Today, Sangamo Therapeutics announced that it has reached a licensing agreement with Genentech, a subsidiary of Roche, to develop intravenously administered gene therapies for neurodegenerative diseases, including Alzheimer's disease. Genentech has obtained the development rights to epigenetic inhibitors based on zinc finger proteins, targeting the MAPT gene that encodes the Tau protein. The Tau protein plays a crucial role in Alzheimer’s disease and other tauopathies. Additionally, Genentech has secured the rights to use Sangamo’s proprietary adeno-associated virus (AAV) capsid, STAC-BBB. This AAV capsid has demonstrated robust blood-brain barrier (BBB) crossing ability in non-human primate models.

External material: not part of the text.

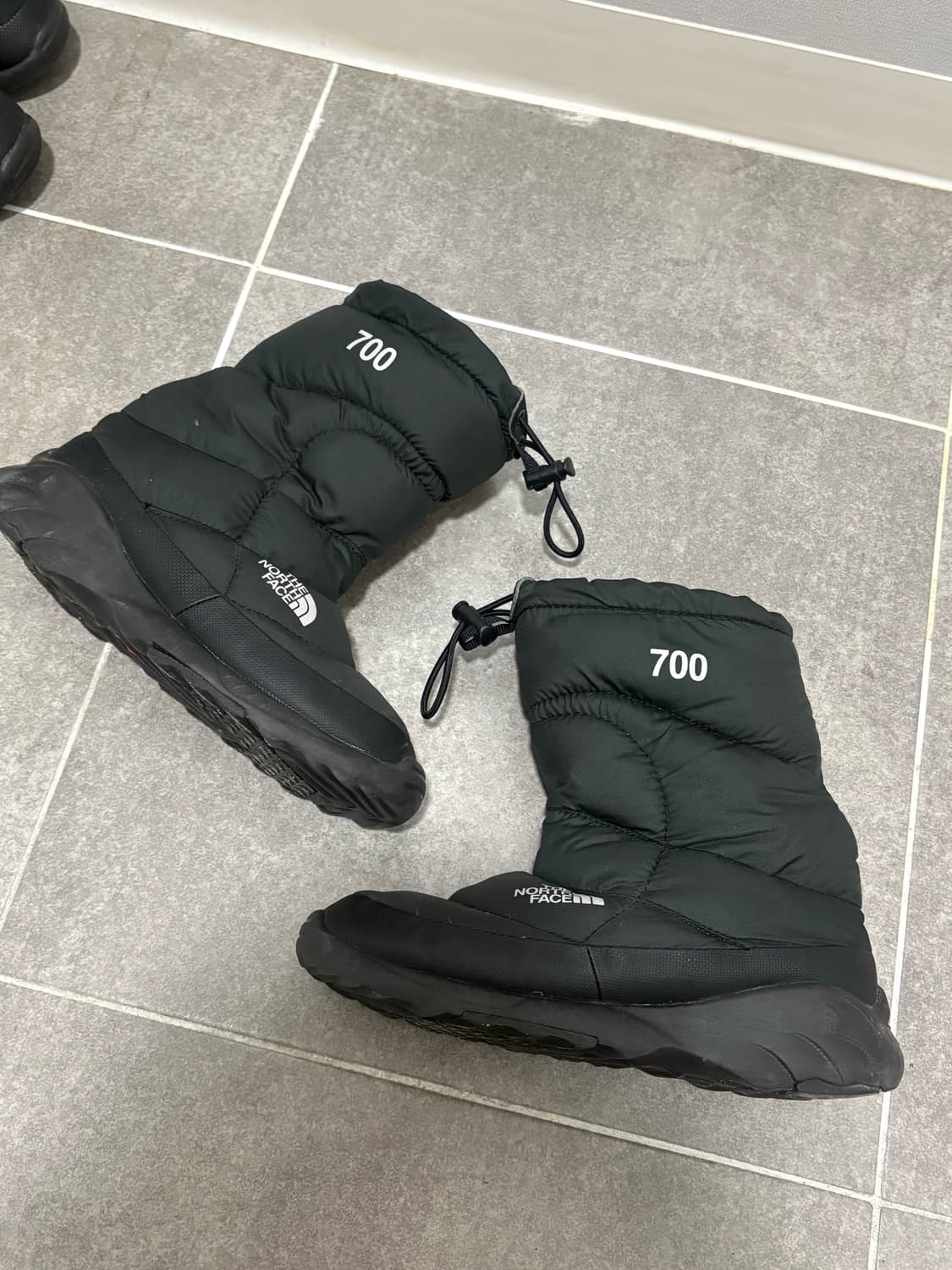 700 눕시 노스페이스 패딩부츠 방한화 방한부츠 상품이미지2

New Drug Development for Alzheimer's Disease Welcomes Breakthroughs in Recent Years. Leqembi (lecanemab), jointly developed by Eisai and Biogen, and Kisunla (donanemab), developed by Eli Lilly, have both received full FDA approval for the treatment of patients with early-stage Alzheimer’s disease. Additionally, cell and gene therapies have shown promising preliminary efficacy in treating Alzheimer’s disease. However, using gene therapy to treat Alzheimer’s requires crossing the blood-brain barrier that protects the brain to deliver therapeutic genes into the brain. Sangamo’s STAC-BBB vector has achieved a breakthrough in delivering transgenes for expression within brain tissue.

STAC-BBB is an AAV capsid discovered by the company through in vivo screening in cynomolgus monkey models. Compared to the AAV9 capsid used for delivering transgenes into the central nervous system (CNS), STAC-BBB demonstrates a 700-fold increase in its ability to drive transgene expression in CNS neurons. Moreover, STAC-BBB is capable of driving high levels of transgene expression across a wide range of different CNS tissues.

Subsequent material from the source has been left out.